Scheduling my Ohio Notary Exam through the Secretary of State's office and trying to figure out where to focus my prep time. I've read through the Ohio Revised Code sections on notarial acts and the official handbook, but the material is pretty dry and I'm not sure which areas actually get tested heavily versus which ones are just background knowledge.
I've been working in real estate for two years so I'm familiar with the basic notarial acts — acknowledgments, jurats — but the electronic notarization and remote online notarization sections are new territory for me. Those parts of the law changed recently and the handbook covers them but my practice questions are all over the place on RON procedures specifically.
From what I've seen online the passing score is around 80% and the exam is 50 questions. I'm scoring 76-78% on practice tests right now, which means I need to pick up another 2-4% somewhere. Anyone know if there are particular topic areas where the state likes to test edge cases?
Also, can you use the handbook during the exam or is it closed-book? I've seen conflicting info on this and I want to make sure I'm preparing the right way.
It's closed-book — no materials allowed.
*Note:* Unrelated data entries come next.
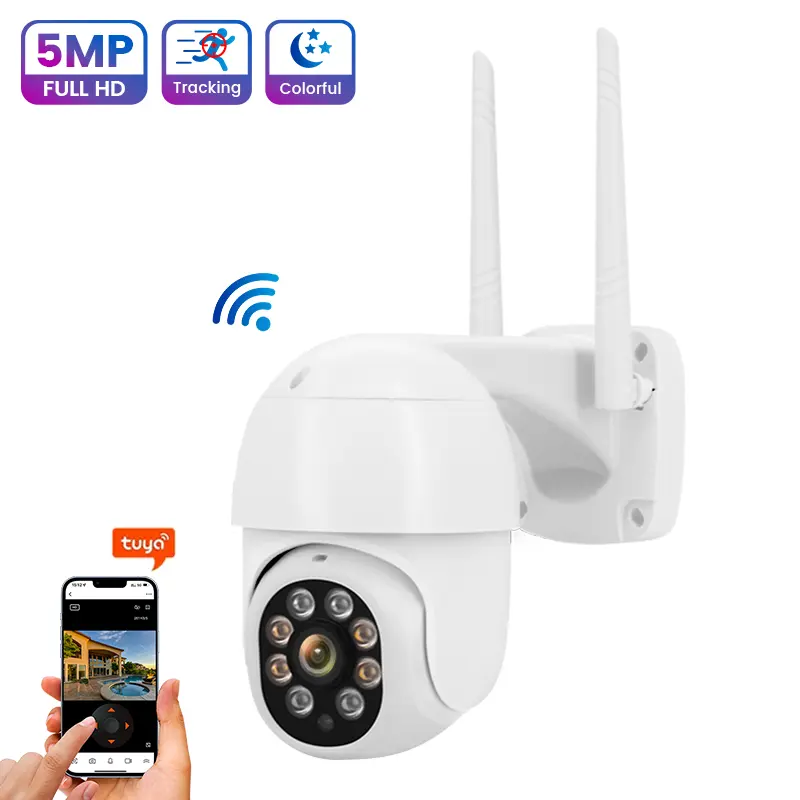 5MP Full Color Night Vision Human Detection Wifi Surveillance PTZ Cam Wireless Auto Tracking Outdoor Speed Dome Ptz Ip Camera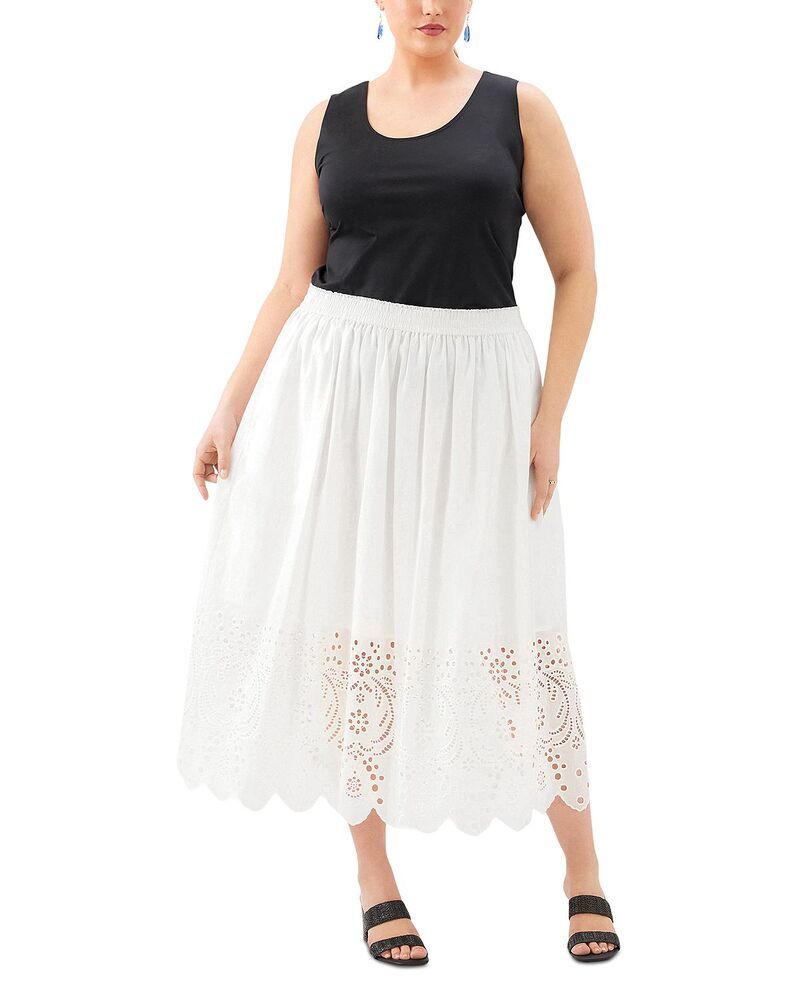 カレンケーン レディース ボトムスカート カットアウト プラスサイズ ミディ Karen Kane Plusize Cutout Embroidery Midi Skirt Off White オフホ 27,594円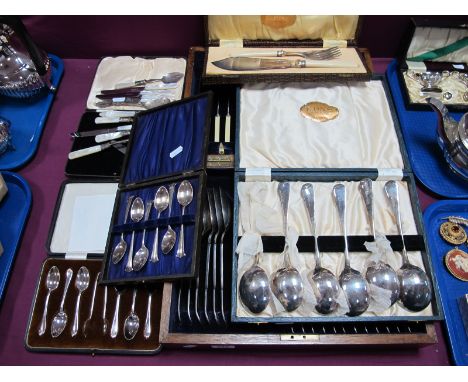 A Six Setting Canteen of Plated Cutlery, in original fitted wooden canteen case; together with cased mother of pearl handled 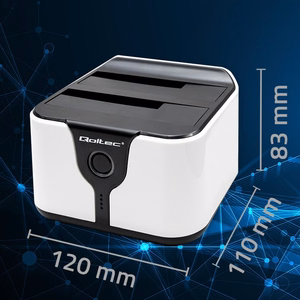 Qoltec 50309 HDD/SSD 2.5" 3.5" Dokkimisjaam SATA III USB 3.0 5Gb/s Kloonimine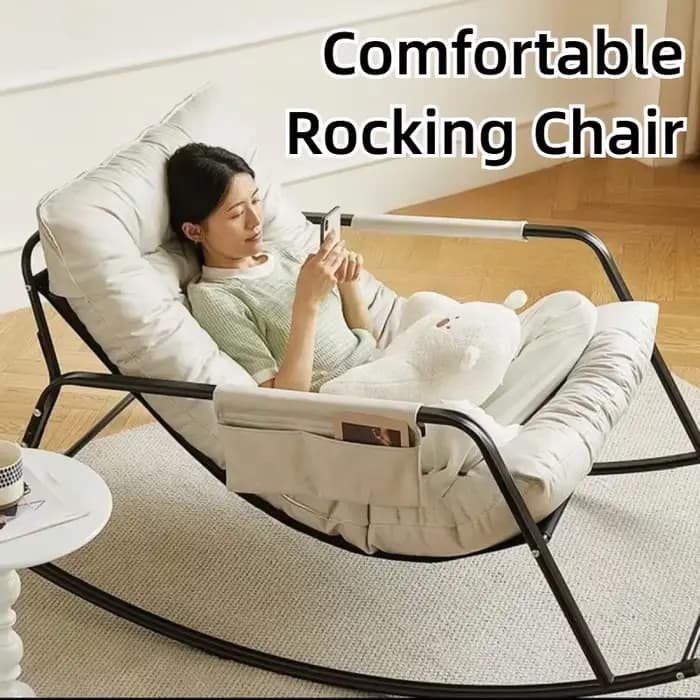 Chaise à Bascule Nordique de Luxe avec Dossier, Design Moderne, Mobilier de délégations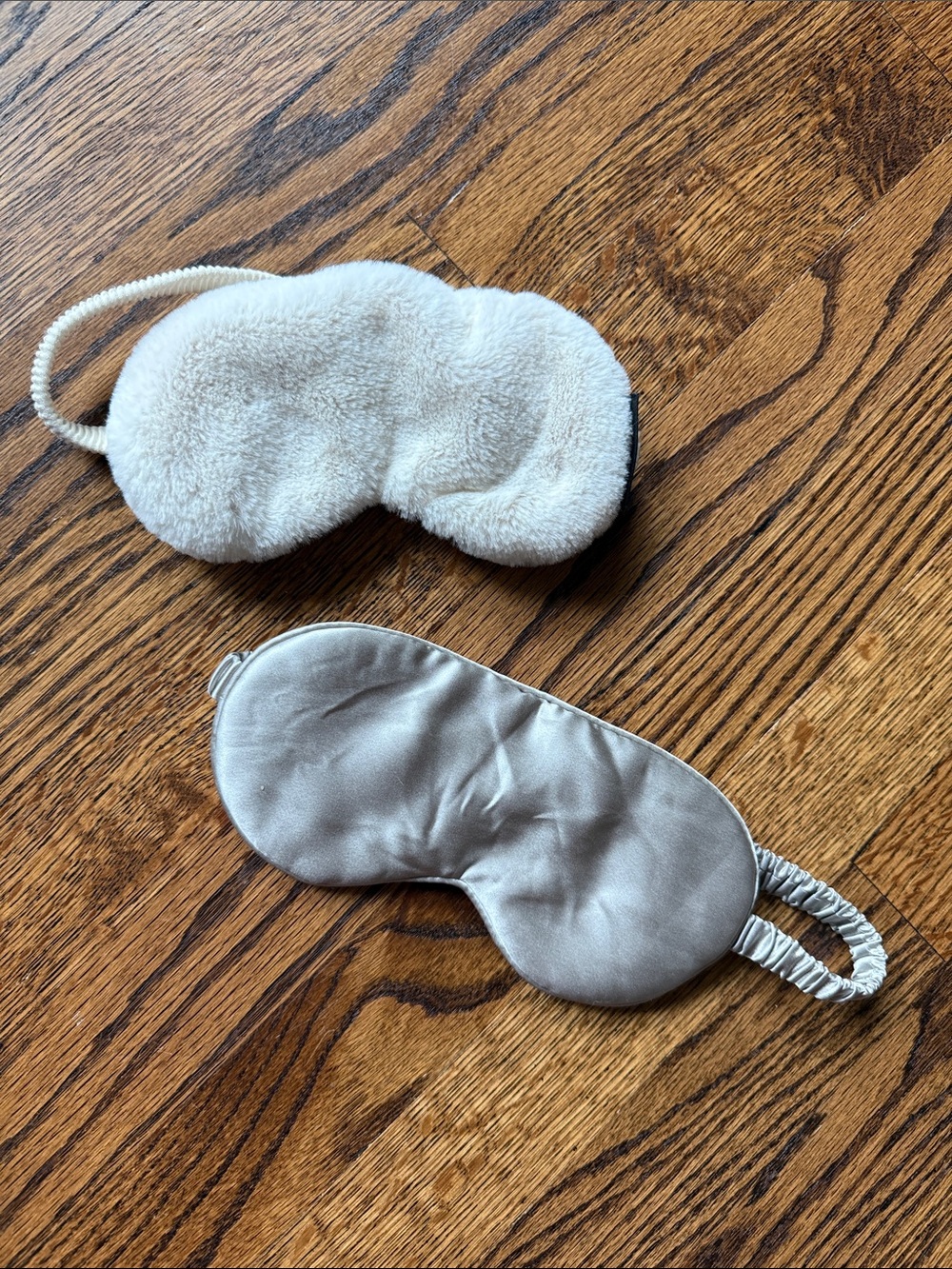 Nanette Lepore and Tafts Home Gray, Cream Plush Eye Mask with Elastic Strap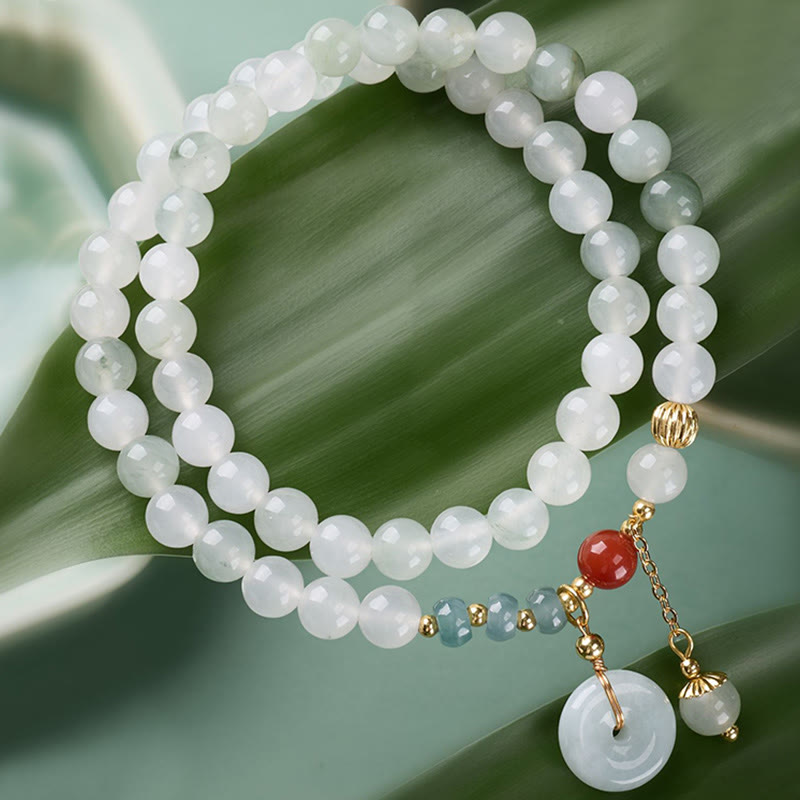EverestArtstudios Jade Peace Buckle Luck Abundance Double Wrap Bracelet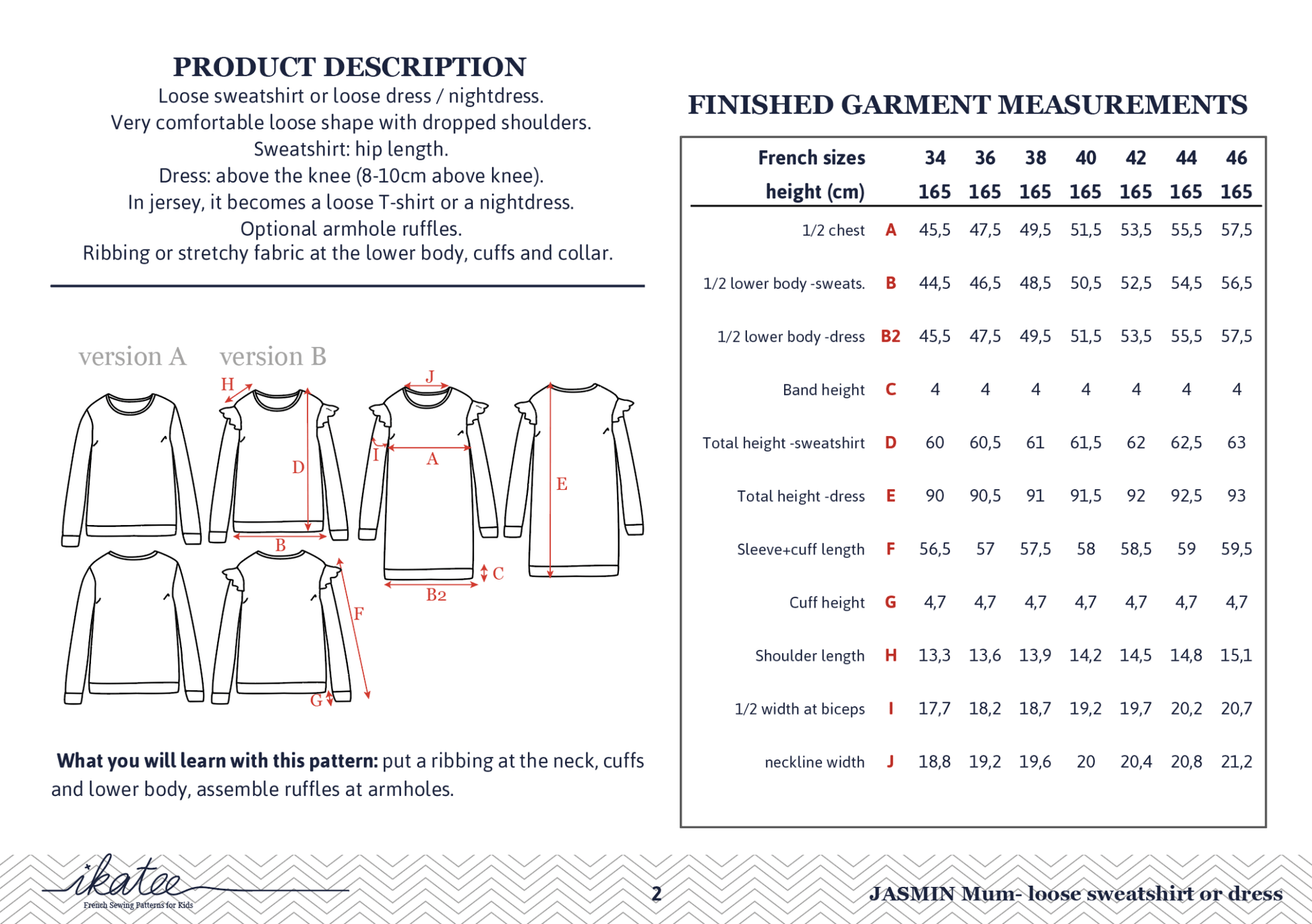 Jasmin Mum Sweatshirt & Dress Sewing Pattern - Ladies 34/46 - Ikatee - Simplifi Fabric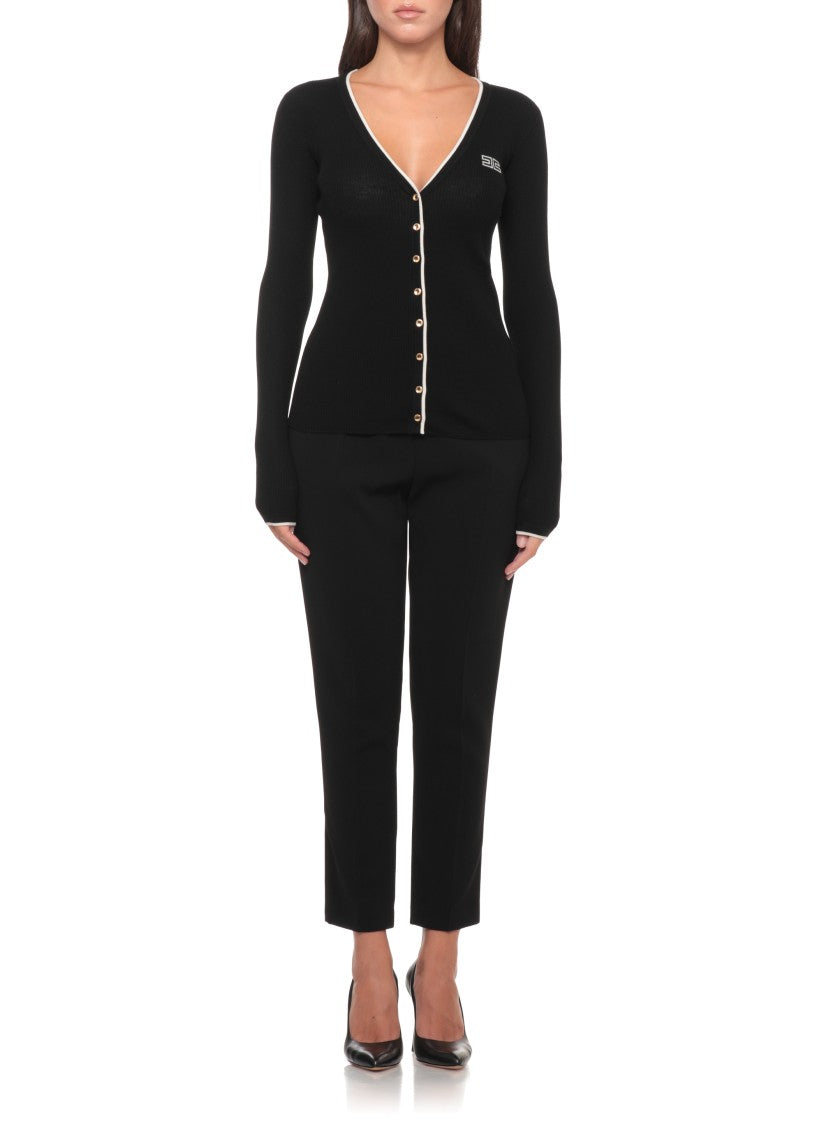 Elisabetta Franchi Fitted Black Ribbed Wool Sweater With Gold Button Accents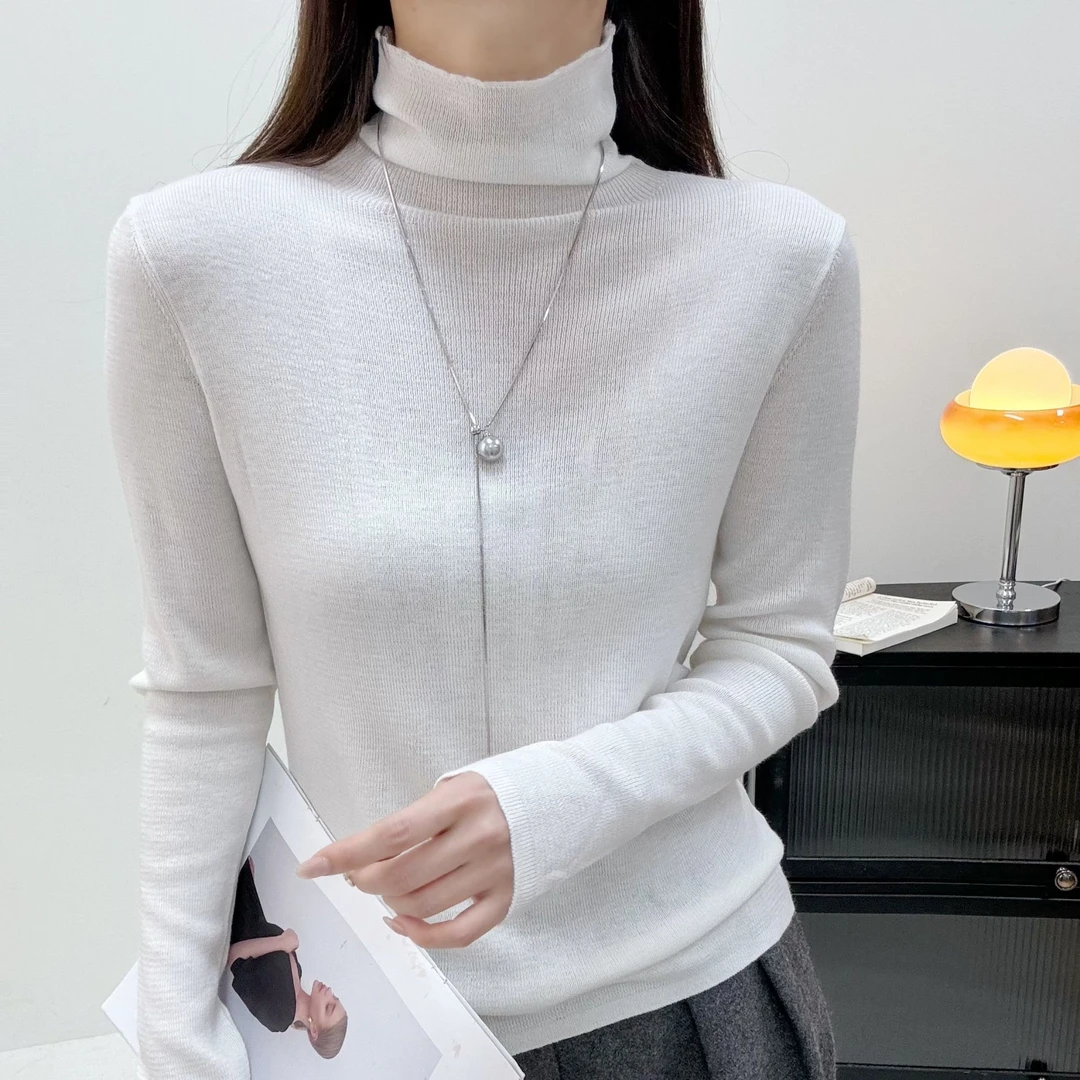 161#秋冬长袖针织衫堆堆领套头19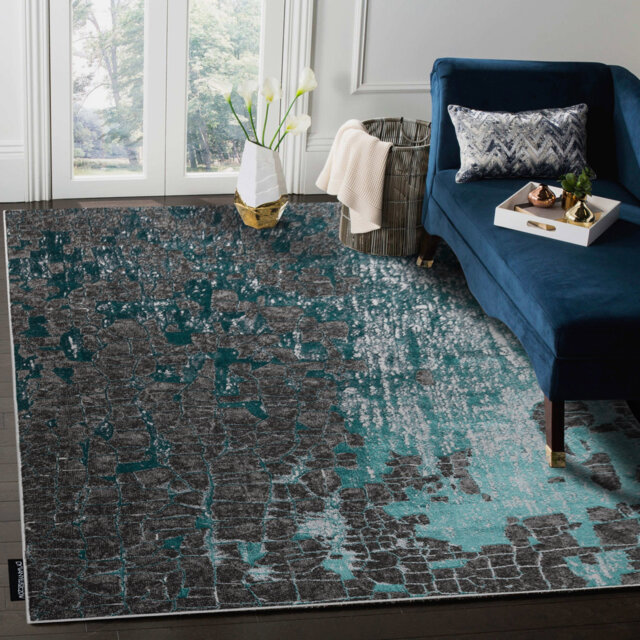 Modern DE LUXE rug for the living room, bedroom, vintage - textured green / anthracite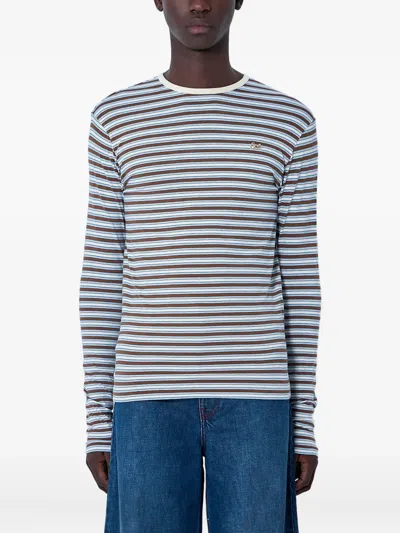 Erl Striped Crew-neck T-shirt In Multi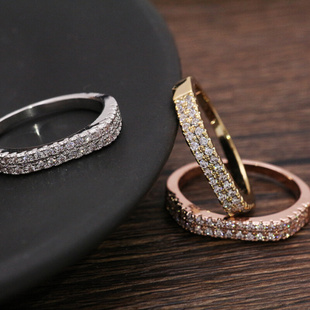 欧美金属镶钻女士戒指微镶锆石，金色银色尾戒玫瑰，金指环(金指环)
I took mine last fall and the RON section had more questions than I expected. There were at least 8-10 questions specifically about electronic journal requirements and identity proofing procedures. Make sure you know those steps cold.
Two weeks of casual review was enough for me — maybe 15 hours total. The handbook is pretty straightforward once you've read it a couple times. I'd just drill practice questions and look up every wrong answer in the ORC. That's what got my score from 74% to 86%.
The signer identification requirements tripped me up. There's a specific list of acceptable ID types under Ohio law and the exam will test you on what's acceptable versus what isn't. Seemed like a small detail but it showed up multiple times in different question forms.
I scored 84% on my first attempt. Coming from real estate helped a lot on the acknowledgment questions but the prohibited acts section was harder than I expected. Know exactly what a notary cannot do — there were several scenario questions where you had to spot the violation.